- Directions
Give the data again in full, with every character unchanged.
(Records to use)
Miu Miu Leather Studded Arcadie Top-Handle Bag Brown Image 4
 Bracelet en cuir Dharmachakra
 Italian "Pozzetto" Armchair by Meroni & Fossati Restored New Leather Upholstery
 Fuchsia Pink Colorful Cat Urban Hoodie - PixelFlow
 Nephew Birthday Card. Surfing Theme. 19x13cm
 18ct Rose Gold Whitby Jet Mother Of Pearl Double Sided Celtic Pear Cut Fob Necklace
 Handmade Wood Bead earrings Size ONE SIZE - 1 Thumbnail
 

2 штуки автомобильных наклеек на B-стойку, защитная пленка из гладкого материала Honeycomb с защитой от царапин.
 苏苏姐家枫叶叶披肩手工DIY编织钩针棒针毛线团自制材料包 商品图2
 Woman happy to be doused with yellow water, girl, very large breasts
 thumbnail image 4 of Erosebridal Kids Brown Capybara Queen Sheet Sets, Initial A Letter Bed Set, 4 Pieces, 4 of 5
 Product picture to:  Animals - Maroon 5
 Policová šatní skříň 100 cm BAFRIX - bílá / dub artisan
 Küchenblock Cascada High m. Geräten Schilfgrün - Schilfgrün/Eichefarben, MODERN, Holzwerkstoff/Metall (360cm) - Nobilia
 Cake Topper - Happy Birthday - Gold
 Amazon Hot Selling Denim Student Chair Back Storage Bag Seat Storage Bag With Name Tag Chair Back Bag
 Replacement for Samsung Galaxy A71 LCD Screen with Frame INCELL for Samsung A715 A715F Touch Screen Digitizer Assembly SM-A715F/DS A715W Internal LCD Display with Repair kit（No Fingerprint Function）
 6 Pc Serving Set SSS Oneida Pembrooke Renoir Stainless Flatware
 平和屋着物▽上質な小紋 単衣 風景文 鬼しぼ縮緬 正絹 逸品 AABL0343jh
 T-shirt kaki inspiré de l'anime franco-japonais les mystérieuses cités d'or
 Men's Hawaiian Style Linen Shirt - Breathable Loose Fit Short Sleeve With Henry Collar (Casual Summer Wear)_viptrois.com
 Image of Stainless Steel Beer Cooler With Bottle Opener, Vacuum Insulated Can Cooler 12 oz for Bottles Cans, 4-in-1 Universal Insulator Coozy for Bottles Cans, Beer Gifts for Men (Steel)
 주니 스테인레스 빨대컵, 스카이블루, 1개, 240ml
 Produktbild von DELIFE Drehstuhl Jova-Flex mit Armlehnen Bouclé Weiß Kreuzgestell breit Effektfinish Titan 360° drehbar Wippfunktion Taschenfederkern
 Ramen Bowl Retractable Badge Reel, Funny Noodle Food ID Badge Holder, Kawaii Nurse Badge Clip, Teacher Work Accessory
(End Records to use)
- Output
Miu Miu Leather Studded Arcadie Top-Handle Bag Brown Image 4
 Bracelet en cuir Dharmachakra
 Italian "Pozzetto" Armchair by Meroni & Fossati Restored New Leather Upholstery
 Fuchsia Pink Colorful Cat Urban Hoodie - PixelFlow
 Nephew Birthday Card. Surfing Theme. 19x13cm
 18ct Rose Gold Whitby Jet Mother Of Pearl Double Sided Celtic Pear Cut Fob Necklace
 Handmade Wood Bead earrings Size ONE SIZE - 1 Thumbnail
 

2 штуки автомобильных наклеек на B-стойку, защитная пленка из гладкого материала Honeycomb с защитой от царапин.
 苏苏姐家枫叶叶披肩手工DIY编织钩针棒针毛线团自制材料包 商品图2
 Woman happy to be doused with yellow water, girl, very large breasts
 thumbnail image 4 of Erosebridal Kids Brown Capybara Queen Sheet Sets, Initial A Letter Bed Set, 4 Pieces, 4 of 5
 Product picture to:  Animals - Maroon 5
 Policová šatní skříň 100 cm BAFRIX - bílá / dub artisan
 Küchenblock Cascada High m. Geräten Schilfgrün - Schilfgrün/Eichefarben, MODERN, Holzwerkstoff/Metall (360cm) - Nobilia
 Cake Topper - Happy Birthday - Gold
 Amazon Hot Selling Denim Student Chair Back Storage Bag Seat Storage Bag With Name Tag Chair Back Bag
 Replacement for Samsung Galaxy A71 LCD Screen with Frame INCELL for Samsung A715 A715F Touch Screen Digitizer Assembly SM-A715F/DS A715W Internal LCD Display with Repair kit（No Fingerprint Function）
 6 Pc Serving Set SSS Oneida Pembrooke Renoir Stainless Flatware
 平和屋着物▽上質な小紋 単衣 風景文 鬼しぼ縮緬 正絹 逸品 AABL0343jh
 T-shirt kaki inspiré de l'anime franco-japonais les mystérieuses cités d'or
 Men's Hawaiian Style Linen Shirt - Breathable Loose Fit Short Sleeve With Henry Collar (Casual Summer Wear)_viptrois.com
 Image of Stainless Steel Beer Cooler With Bottle Opener, Vacuum Insulated Can Cooler 12 oz for Bottles Cans, 4-in-1 Universal Insulator Coozy for Bottles Cans, Beer Gifts for Men (Steel)
 주니 스테인레스 빨대컵, 스카이블루, 1개, 240ml
 Produktbild von DELIFE Drehstuhl Jova-Flex mit Armlehnen Bouclé Weiß Kreuzgestell breit Effektfinish Titan 360° drehbar Wippfunktion Taschenfederkern
 Ramen Bowl Retractable Badge Reel, Funny Noodle Food ID Badge Holder, Kawaii Nurse Badge Clip, Teacher Work Accessory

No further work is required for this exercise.